[Extracted records — start]

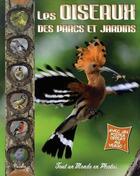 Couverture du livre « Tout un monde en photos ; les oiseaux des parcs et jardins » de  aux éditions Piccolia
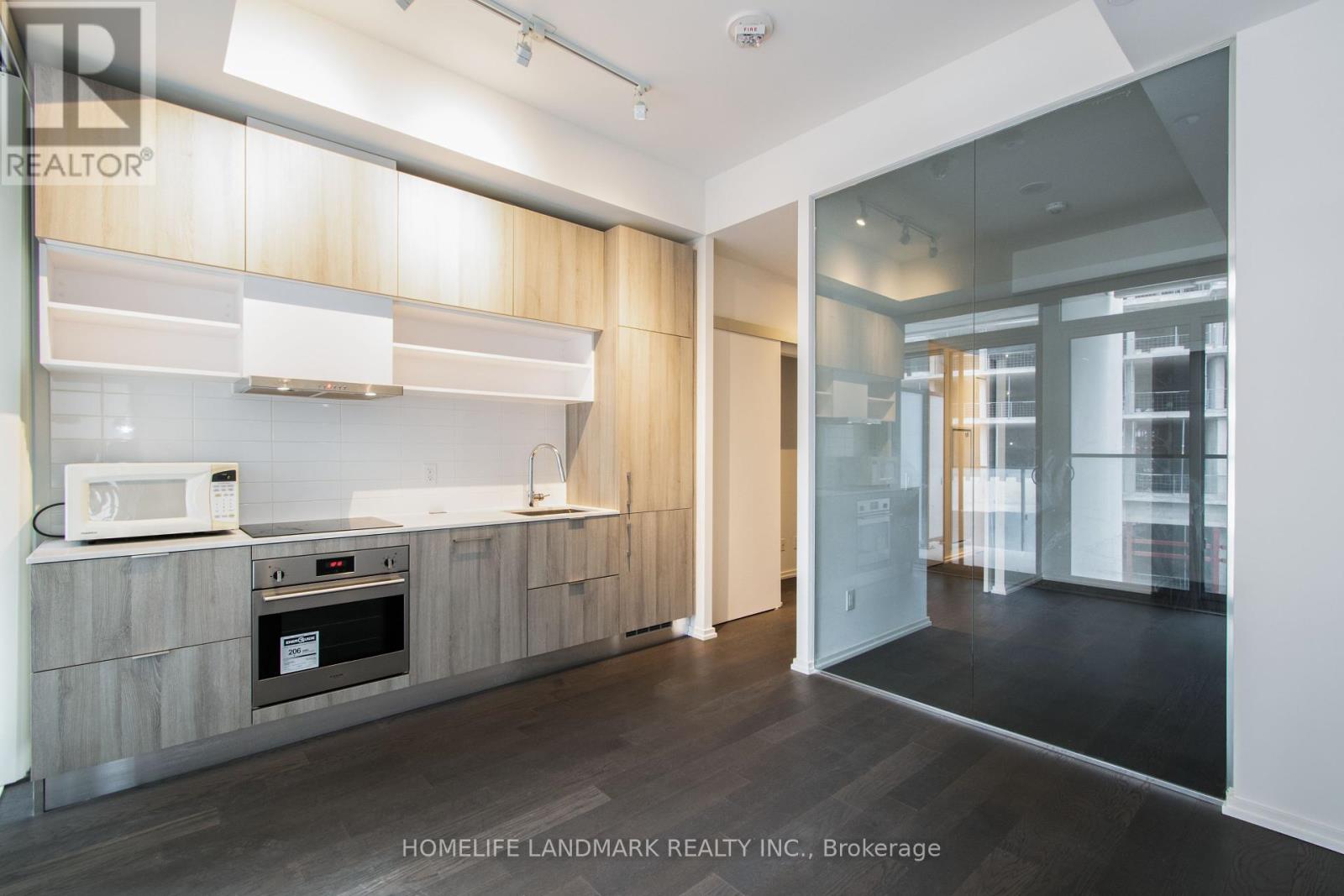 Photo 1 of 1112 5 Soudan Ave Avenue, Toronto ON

[Extracted records — finish]
[Extracted records — start]

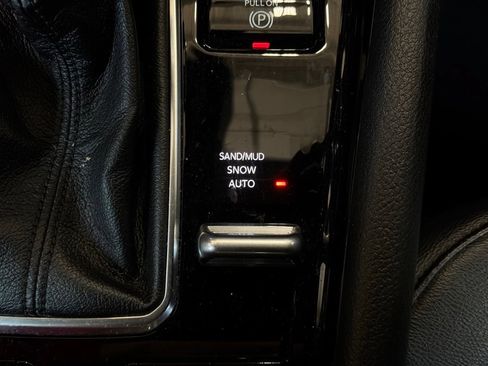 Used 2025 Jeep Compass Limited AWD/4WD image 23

[Extracted records — finish]

No picture is to be printed. Output exactly the lines above from the line containing "Couverture du livre" through the line containing "Photo 1 of 1112".

• **Reply**
 Couverture du livre « Tout un monde en photos ; les oiseaux des parcs et jardins » de  aux éditions Piccolia
 Photo 1 of 1112 5 Soudan Ave Avenue, Toronto ON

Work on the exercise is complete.